I've never had Java crashing before – but I've also never used natives before. ;-) Does anybody have a hint where to look for a solution to this strange behaviour?

Edit 2015-12-07: Using ListDLLs, I've seen that the DLL in question is located in C:\Users\...\AppData\Local\Temp\javacpp3256864312633\libgcc_s_dw2-1.dll, so "Wrong DLL from %PATH%" is not the answer.

1
Looks like an issue with MSYS2: sourceforge.net/p/msys2/mailman/msys2-users/thread/… Sounds like this is fixed in the latest version. Would need to rebuild to find out.Samuel Audet
@SamuelAudet: Do I understand this correctly, this would mean, the Tesseract-Libraries would have to be recompiled and the error lies there?Kurtibert
It looks like the issue lies in the C++ runtime, and we might need to rebuild. Simply replacing libgcc_s_dw2-1.dll with the newest version from MSYS2 might also work.Samuel Audet
Ohhh, I just got it now: Samiel Audet == saudet! ;) How could I replace the dll? It lies in a jar that is loaded by Maven, I do not know how I should interfere with that process without sacrifying the whole Maven process benefit.Kurtibert
Well, try it outside Maven and if it works, we'll figure something out.Samuel Audet

1 Answers

0
votes

It might have a problem with libwinpthread-1.dll.

Replace current libwinpthread-1.dll in jar with latest mingw32's dll, and it works fine.

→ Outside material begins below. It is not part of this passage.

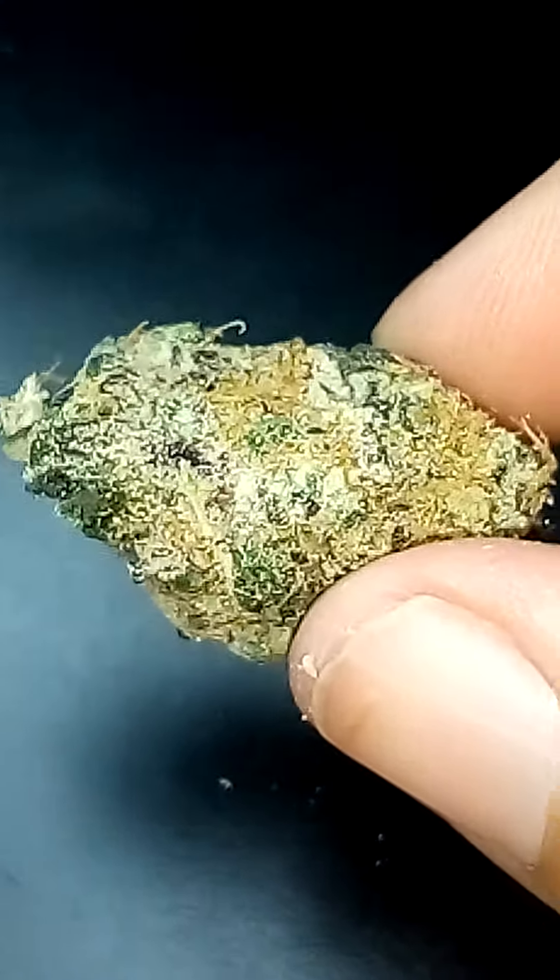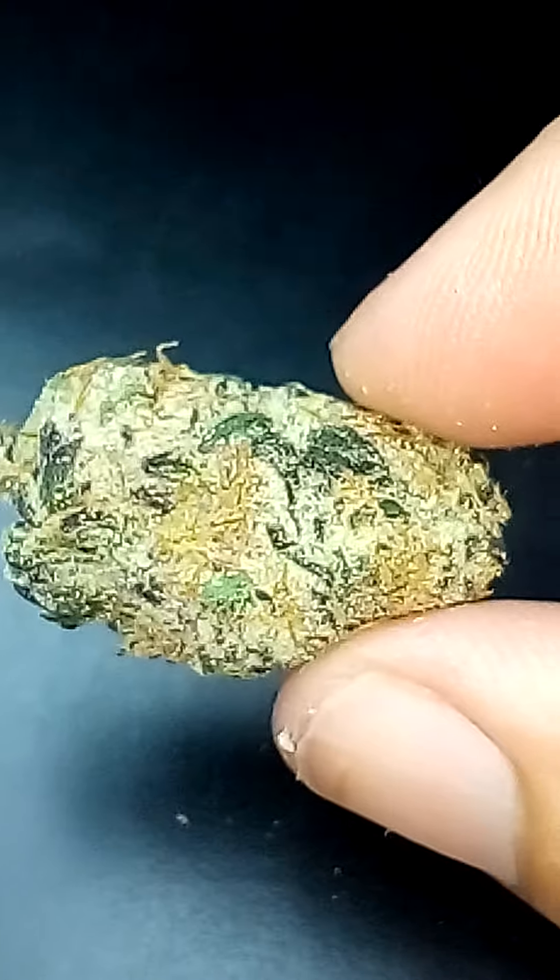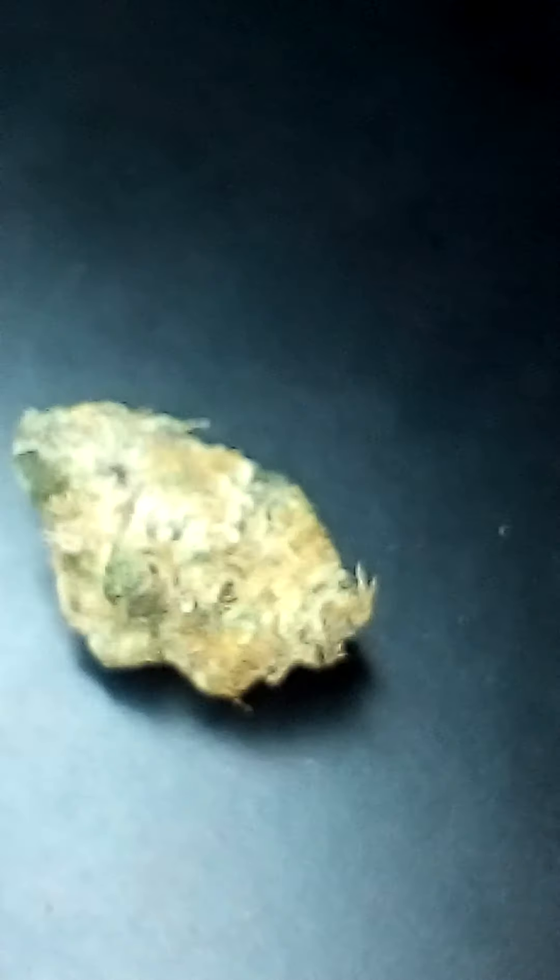So I hope everyone has a great day. I'm going to sign off so that I can roll this. But there it is everyone — Cactus Breath. Have a great day. Love and peace. Stay true and stay unique. Bye.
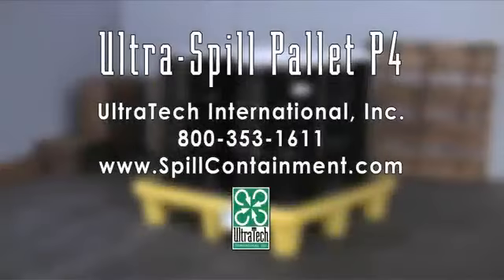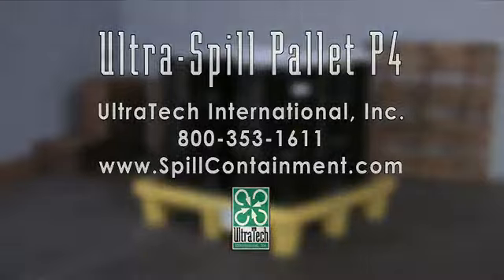For more information on the Ultra Spill Palette P4 or any of our other spill containment products, please call us at 800-353-1611 or visit us on the web at www.spillcontainment.com. Thank you.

  1. install msys2-x86_64-20150916.exe downloaded from https://msys2.github.io/ .
  2. install base-devel, mingw-w64-i686-toolchain using pacman.
  3. extract a leptonica-1.72-1.1-windows-x86.jar, and put all dlls into the same folder of your application.
  4. remove leptonica-1.72-1.1-windows-x86.jar from classpath.
  5. remove libwinpthread-1.dll from the folder (or replace the libwinpthread-1.dll to installed C:\msys64\mingw32\bin\libwinpthread-1.dll). A path "C:\msys64\mingw32\bin" seems to be loaded first, so if you can install mingw32 ,there is no need to remove(or replace) it.